* [RECORDED DATA]
^^^^
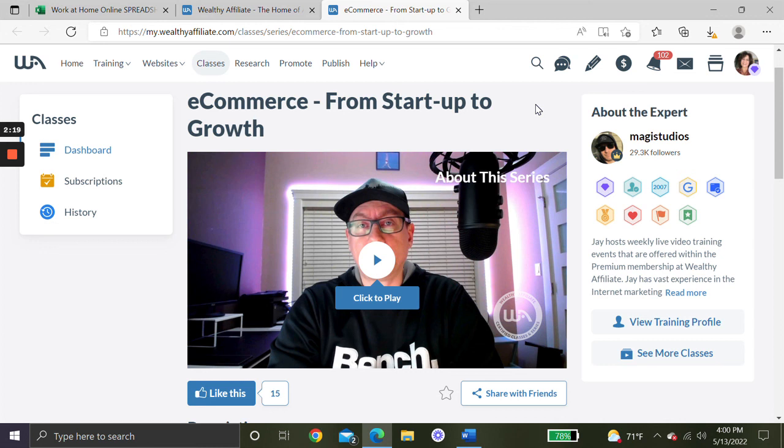I'll also give you a link to my full overview of their premium membership, and that overview includes a video. Thanks so much for watching. Bye-bye.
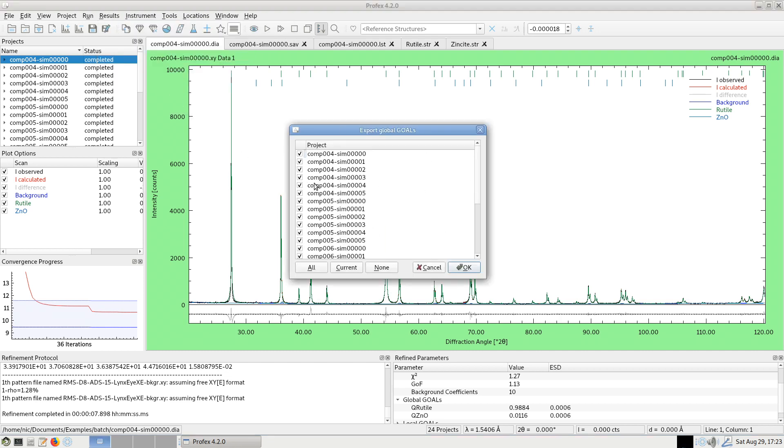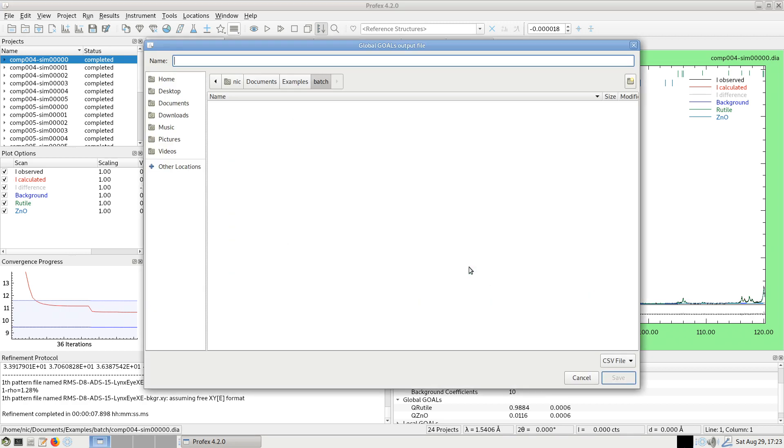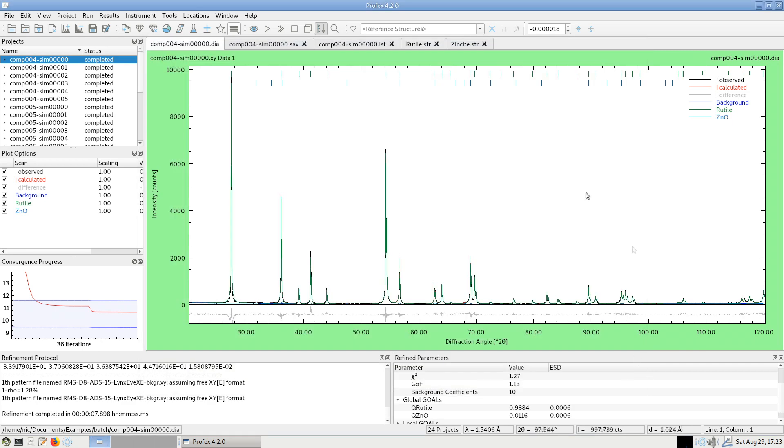I can again select which of the project results I want to export. Everything will be exported to the same file. I will choose all of them and give it a name, for example, quantities.csv, comma separated values file. Save.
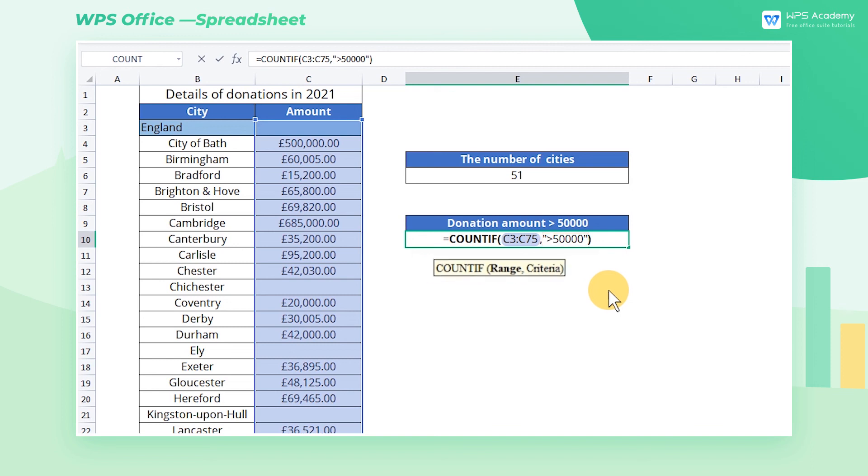To learn more about how to use statistical functions, you're welcome to visit WPS Academy.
^^^^
* [EXERCISE DESCRIPTION]
Repeat the listing word for word, omitting the pictures.

* [OUTPUT]
I'll also give you a link to my full overview of their premium membership, and that overview includes a video. Thanks so much for watching. Bye-bye.
I can again select which of the project results I want to export. Everything will be exported to the same file. I will choose all of them and give it a name, for example, quantities.csv, comma separated values file. Save.
To learn more about how to use statistical functions, you're welcome to visit WPS Academy.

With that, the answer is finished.